**EXERCISE GOAL:** Your job with the data below is to output exactly the lines from the one holding "Elf Bartender in" down to the one holding "Vintage Horseshoe Casino", both included, and no others.

**INPUT RECORDS:**
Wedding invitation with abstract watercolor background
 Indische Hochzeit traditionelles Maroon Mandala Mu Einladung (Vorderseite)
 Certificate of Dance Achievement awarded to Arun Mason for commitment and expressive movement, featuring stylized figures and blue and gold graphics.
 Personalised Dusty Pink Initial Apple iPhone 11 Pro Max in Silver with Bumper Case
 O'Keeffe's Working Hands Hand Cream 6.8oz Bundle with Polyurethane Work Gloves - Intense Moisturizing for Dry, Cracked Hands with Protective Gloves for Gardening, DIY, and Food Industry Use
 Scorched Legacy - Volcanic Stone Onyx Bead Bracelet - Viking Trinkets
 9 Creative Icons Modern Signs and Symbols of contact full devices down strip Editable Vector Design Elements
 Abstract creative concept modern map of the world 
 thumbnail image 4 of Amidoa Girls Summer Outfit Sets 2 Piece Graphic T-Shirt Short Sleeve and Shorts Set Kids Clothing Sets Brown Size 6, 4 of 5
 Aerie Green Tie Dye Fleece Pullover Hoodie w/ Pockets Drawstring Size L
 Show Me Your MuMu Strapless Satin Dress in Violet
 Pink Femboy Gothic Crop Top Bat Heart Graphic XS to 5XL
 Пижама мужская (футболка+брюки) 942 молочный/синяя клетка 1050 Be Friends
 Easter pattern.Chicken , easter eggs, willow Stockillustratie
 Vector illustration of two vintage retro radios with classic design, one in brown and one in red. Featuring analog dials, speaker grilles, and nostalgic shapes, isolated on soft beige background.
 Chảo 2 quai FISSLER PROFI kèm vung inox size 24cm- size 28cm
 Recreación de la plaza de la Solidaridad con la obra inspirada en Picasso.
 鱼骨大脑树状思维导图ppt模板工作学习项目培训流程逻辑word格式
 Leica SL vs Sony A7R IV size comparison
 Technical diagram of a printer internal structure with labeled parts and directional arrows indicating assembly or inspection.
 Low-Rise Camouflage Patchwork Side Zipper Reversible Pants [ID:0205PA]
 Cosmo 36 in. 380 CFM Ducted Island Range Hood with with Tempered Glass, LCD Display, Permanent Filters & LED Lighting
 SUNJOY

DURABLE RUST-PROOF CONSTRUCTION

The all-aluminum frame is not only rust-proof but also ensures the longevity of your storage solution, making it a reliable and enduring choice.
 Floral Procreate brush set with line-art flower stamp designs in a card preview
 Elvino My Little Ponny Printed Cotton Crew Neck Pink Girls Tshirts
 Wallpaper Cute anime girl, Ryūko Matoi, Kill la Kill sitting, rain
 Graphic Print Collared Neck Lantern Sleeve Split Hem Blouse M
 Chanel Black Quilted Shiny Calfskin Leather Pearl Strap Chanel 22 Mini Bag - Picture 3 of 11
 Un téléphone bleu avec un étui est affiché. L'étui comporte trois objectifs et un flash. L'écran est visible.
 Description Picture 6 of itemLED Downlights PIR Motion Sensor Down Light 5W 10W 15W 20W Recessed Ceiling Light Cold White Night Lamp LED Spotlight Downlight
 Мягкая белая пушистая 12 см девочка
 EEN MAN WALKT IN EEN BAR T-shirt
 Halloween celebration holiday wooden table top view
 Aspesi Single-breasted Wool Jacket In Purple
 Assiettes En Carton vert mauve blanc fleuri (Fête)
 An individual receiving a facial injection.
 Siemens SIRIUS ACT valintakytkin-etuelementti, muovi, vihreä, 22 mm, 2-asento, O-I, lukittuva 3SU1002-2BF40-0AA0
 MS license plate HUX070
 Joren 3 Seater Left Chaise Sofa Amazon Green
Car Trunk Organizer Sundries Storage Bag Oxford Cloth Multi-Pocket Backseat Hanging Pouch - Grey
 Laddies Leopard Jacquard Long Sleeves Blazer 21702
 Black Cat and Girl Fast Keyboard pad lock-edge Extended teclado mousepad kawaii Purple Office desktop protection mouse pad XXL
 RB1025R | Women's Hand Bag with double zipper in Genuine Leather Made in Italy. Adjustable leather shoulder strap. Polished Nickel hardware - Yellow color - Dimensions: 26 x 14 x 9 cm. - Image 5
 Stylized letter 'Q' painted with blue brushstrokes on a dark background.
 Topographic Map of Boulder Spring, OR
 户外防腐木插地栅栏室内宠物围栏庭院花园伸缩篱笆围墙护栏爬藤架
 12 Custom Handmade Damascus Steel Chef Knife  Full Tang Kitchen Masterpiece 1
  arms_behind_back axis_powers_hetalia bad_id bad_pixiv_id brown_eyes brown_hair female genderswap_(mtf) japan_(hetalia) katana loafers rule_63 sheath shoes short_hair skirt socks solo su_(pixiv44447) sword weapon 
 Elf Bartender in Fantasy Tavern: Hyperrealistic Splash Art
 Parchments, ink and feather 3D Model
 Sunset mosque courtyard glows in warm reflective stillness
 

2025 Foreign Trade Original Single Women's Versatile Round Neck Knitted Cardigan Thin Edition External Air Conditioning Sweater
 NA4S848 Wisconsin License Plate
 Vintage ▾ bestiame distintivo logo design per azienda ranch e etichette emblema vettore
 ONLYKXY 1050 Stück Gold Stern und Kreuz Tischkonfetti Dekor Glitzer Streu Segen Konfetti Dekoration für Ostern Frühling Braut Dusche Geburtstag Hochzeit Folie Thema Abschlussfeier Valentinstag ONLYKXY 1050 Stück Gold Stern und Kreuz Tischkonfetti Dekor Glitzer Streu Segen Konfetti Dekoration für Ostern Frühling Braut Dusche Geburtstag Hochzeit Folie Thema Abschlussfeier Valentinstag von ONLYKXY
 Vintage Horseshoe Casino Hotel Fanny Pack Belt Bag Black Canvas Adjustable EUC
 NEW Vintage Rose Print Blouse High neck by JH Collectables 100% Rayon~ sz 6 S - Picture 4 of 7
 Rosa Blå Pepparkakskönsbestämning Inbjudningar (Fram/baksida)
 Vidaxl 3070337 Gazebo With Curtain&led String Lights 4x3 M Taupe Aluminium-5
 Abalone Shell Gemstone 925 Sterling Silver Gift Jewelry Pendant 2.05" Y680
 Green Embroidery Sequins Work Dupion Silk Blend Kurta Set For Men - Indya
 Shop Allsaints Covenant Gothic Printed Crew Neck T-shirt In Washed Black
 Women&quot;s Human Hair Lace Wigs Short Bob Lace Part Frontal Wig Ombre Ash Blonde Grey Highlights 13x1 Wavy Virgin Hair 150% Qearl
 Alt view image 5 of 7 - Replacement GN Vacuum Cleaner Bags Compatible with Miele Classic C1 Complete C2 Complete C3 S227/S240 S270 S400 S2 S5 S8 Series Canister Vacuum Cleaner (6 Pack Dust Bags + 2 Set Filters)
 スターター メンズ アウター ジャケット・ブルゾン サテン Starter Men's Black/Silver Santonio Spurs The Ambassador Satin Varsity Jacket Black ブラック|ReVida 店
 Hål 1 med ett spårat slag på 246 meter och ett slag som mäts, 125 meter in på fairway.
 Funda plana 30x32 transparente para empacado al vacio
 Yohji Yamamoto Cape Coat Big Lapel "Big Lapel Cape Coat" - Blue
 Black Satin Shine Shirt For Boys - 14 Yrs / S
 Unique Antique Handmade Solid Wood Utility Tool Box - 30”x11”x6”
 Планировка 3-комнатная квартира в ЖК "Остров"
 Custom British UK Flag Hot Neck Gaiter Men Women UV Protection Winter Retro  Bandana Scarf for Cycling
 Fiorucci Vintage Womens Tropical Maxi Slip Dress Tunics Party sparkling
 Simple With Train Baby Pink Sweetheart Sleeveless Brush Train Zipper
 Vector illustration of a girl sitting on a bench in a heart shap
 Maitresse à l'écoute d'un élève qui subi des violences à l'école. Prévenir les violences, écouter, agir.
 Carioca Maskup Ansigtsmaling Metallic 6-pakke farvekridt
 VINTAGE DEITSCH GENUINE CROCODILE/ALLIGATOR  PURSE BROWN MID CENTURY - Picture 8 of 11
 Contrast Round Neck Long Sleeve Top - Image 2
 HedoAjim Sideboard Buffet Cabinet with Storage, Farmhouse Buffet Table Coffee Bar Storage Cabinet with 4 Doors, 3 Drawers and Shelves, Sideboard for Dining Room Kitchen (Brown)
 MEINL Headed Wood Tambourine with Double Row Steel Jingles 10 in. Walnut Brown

**ANSWER AREA:**
 Elf Bartender in Fantasy Tavern: Hyperrealistic Splash Art
 Parchments, ink and feather 3D Model
 Sunset mosque courtyard glows in warm reflective stillness
 

2025 Foreign Trade Original Single Women's Versatile Round Neck Knitted Cardigan Thin Edition External Air Conditioning Sweater
 NA4S848 Wisconsin License Plate
 Vintage ▾ bestiame distintivo logo design per azienda ranch e etichette emblema vettore
 ONLYKXY 1050 Stück Gold Stern und Kreuz Tischkonfetti Dekor Glitzer Streu Segen Konfetti Dekoration für Ostern Frühling Braut Dusche Geburtstag Hochzeit Folie Thema Abschlussfeier Valentinstag ONLYKXY 1050 Stück Gold Stern und Kreuz Tischkonfetti Dekor Glitzer Streu Segen Konfetti Dekoration für Ostern Frühling Braut Dusche Geburtstag Hochzeit Folie Thema Abschlussfeier Valentinstag von ONLYKXY
 Vintage Horseshoe Casino Hotel Fanny Pack Belt Bag Black Canvas Adjustable EUC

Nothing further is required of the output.